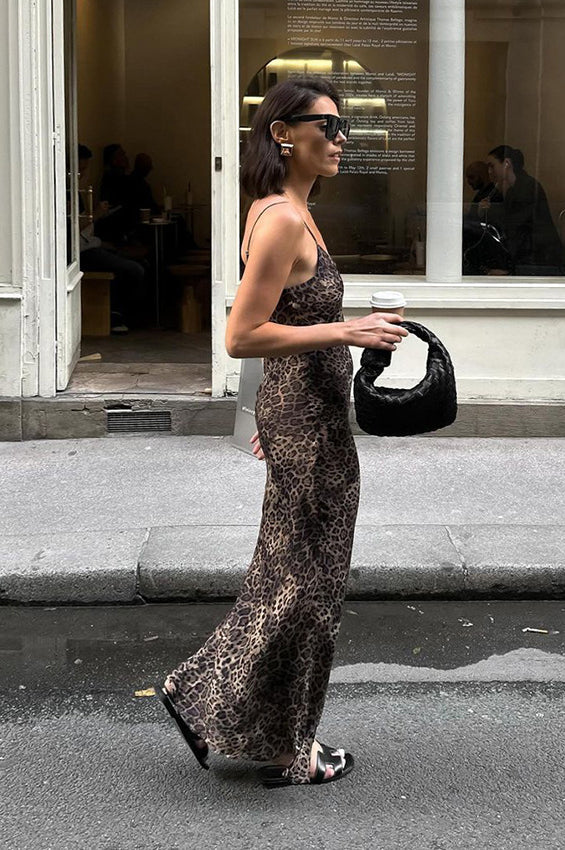 Slim Fit Leopard Print Ruched Waist Maxi Dress - Image 3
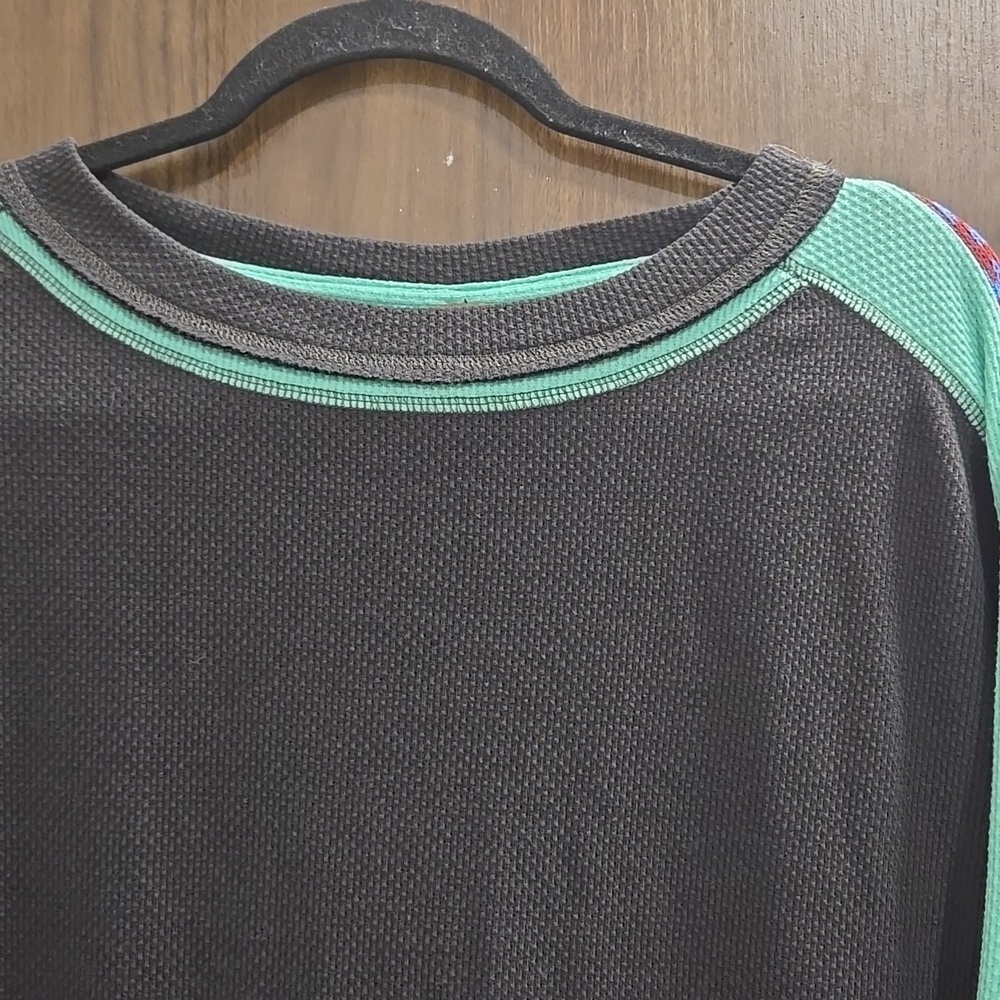 Free People-Long Sleeve "On My Way" Cuff Thermal Top in Washed Black-Size XS - Picture 5 of 17
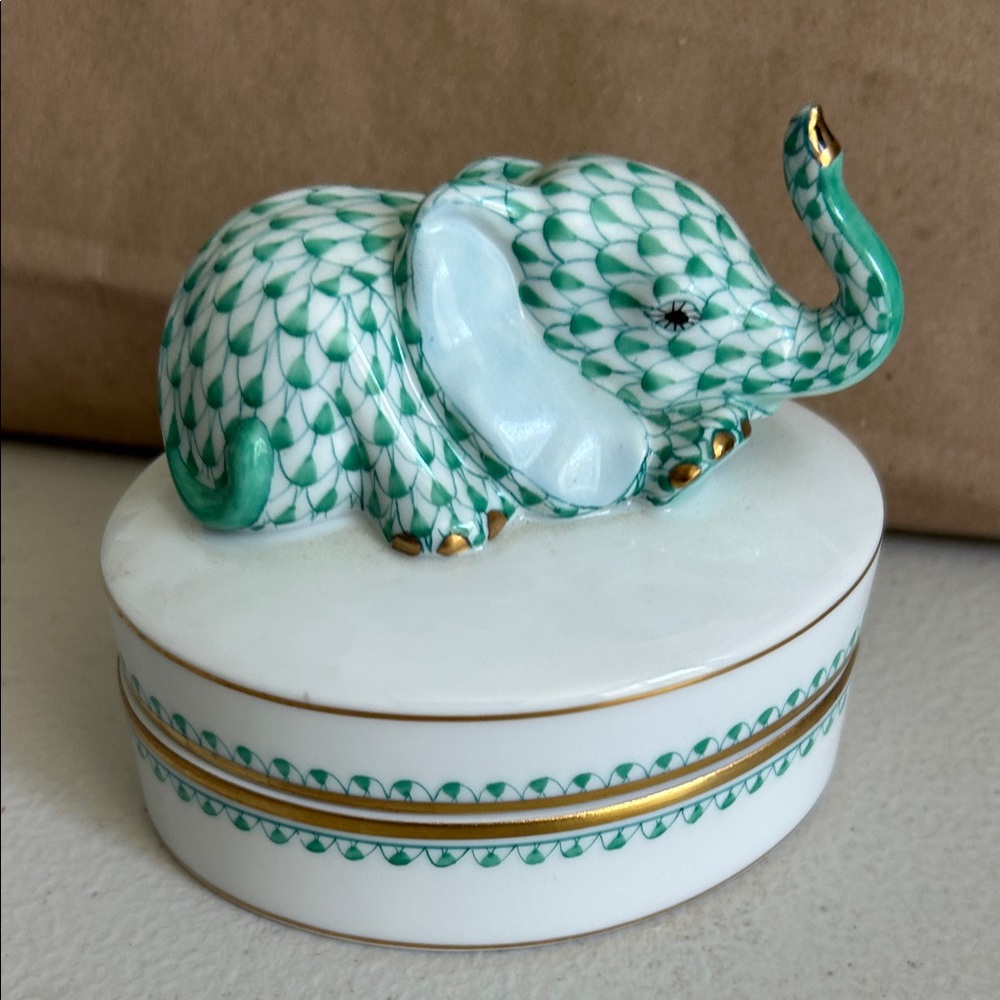 Herend Green and Gold Elephant Trinket Box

──────────────────────────────

--- TASK DIRECTIONS ---
Repeat the data exactly, dropping every picture it holds.

--- ANSWER TO THIS PROBLEM ---
 Slim Fit Leopard Print Ruched Waist Maxi Dress - Image 3
 Free People-Long Sleeve "On My Way" Cuff Thermal Top in Washed Black-Size XS - Picture 5 of 17
 Herend Green and Gold Elephant Trinket Box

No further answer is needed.